Architecture diagram
The core change was not just “fusion” in the abstract. It was staging Q, K, V, and output tiles in shared memory with T = 64 and d + 1 padding so the kernel could avoid the repeated QKV round-trip through HBM.
Memory path sketch
What the results actually showed
The important result was not simply that fusion reduced HBM traffic. It did. The more useful result was seeing where that stopped being enough. The initial fully fused scalar kernel removed the QKV round-trip but still ran much slower than the baseline because Tensor Cores stayed idle. The best custom path ended up being the hybrid warp-cooperative bf16 version, which delegated projection back to cuBLAS and then beat the PyTorch baseline at short sequence lengths.
Numbers
| Metric | Result | Why it mattered |
|---|---|---|
| Correctness | 11 / 11 tests passed, max absolute error ≤ 1.5 × 10-7 | Confirmed that the fused kernel matched the PyTorch reference path closely enough to trust profiling. |
| Short-sequence wins | 1.22x speedup at N = 64 and 1.41x at N = 128 | Showed that the custom path could turn the memory idea into real runtime wins in the right regime. |
| HBM reads | 11–55% reduction from fusion, with a peak measured cut of 54.6% | Supported the original hypothesis that repeated global-memory movement was a real cost worth chasing. |
| Hybrid bf16 path | About 50% lower HBM reads and 85–91% lower peak GPU allocation | Made the best-performing custom path clearly better on memory behavior, not just latency in one case. |
| Environment | H100 SXM5, 132 SMs, 3.35 TB/s HBM bandwidth | Made it easier to interpret why the baseline was still far from purely HBM-bound at longer sequences. |
| Main bottleneck | Scalar fp32 projection loops in the fully fused path | Explained why lower memory traffic alone did not produce a faster kernel without a Tensor Core path. |
Baseline vs custom runtime matrix
| Sequence length | PyTorch baseline runtime | Best custom runtime | Runtime result | Memory note |
|---|---|---|---|---|
| 64 | 107.2 µs | 88.0 µs | 1.22x faster | HBM movement was low enough that the hybrid path could turn memory savings into a real win. |
| 128 | 142.1 µs | 100.5 µs | 1.41x faster | This was the clearest short-sequence crossover point for the custom path. |
| 256 | 127.2 µs | 164.2 µs | 0.77x | Lower HBM traffic still helped, but the compute path was no longer efficient enough to hold the lead. |
| 512 | 121.6 µs | 293.3 µs | 0.41x | By this point the scalar arithmetic path was clearly the bottleneck, not memory traffic alone. |
| 1024 | 200.7 µs | 556.4 µs | 0.36x | The profiler story was honest here: the fused scalar path left Tensor Core throughput on the table. |
Profiler summary
NSight-guided summary
Hardware
H100
SXM5, 132 SMs, 3.35 TB/s HBM bandwidth
Memory
54.6%
Peak measured HBM read reduction in the fused path
Compute
fp32
Scalar projection loops dominated the fully fused path and kept Tensor Cores idle
This is a compact summary of the profiler evidence surfaced in the report, not a literal timeline screenshot.
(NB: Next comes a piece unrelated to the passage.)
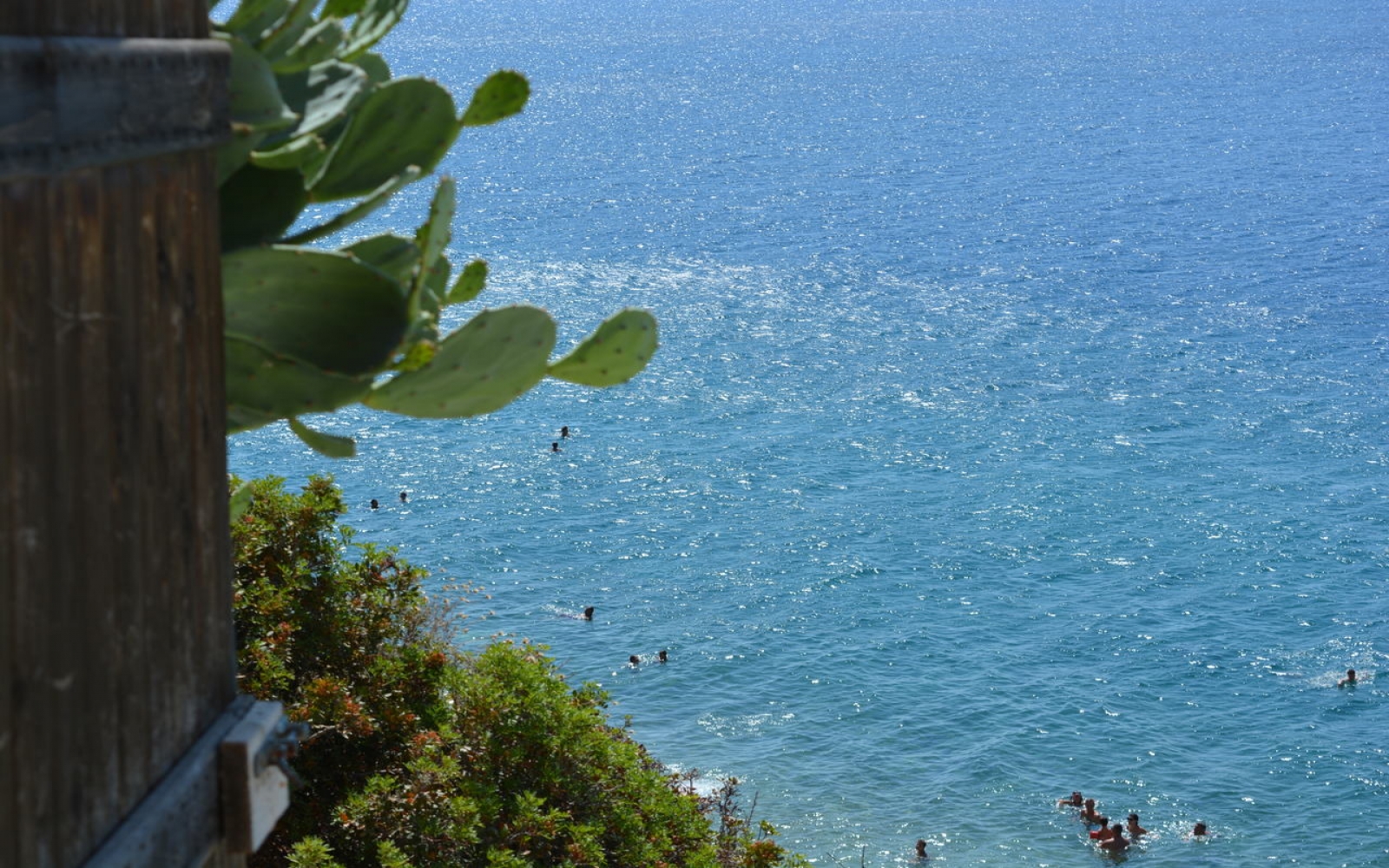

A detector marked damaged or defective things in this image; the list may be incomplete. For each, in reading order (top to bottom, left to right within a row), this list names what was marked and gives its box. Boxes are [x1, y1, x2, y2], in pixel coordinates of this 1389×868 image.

The useful outcome was identifying the exact handoff where the memory story stopped being enough and a Tensor Core path became the real next step.
Benchmark crossover
| Sequence length | PyTorch baseline | Best custom kernel | Result |
|---|---|---|---|
| 64 | 107.2 µs | 88.0 µs | 1.22x faster |
| 128 | 142.1 µs | 100.5 µs | 1.41x faster |
| 256 | 127.2 µs | 164.2 µs | 0.77x |
| 512 | 121.6 µs | 293.3 µs | 0.41x |
| 1024 | 200.7 µs | 556.4 µs | 0.36x |
That crossover mattered. It made the next step obvious: the memory story was partly right, but the attention loop and projection arithmetic still needed a more hardware-efficient path. The WMMA prototype made that concrete and pointed toward Tensor Core integration as the highest-priority follow-up.
The useful lesson from this project was not “fusion is always better.” It was learning exactly when lower memory traffic stops being enough and the compute path becomes the real problem.
Why it matters
This is still the clearest example on my site of the kind of work I want to keep doing: systems work that is measured carefully, honest about failure modes, and useful because it sharpens the next engineering question instead of hiding it.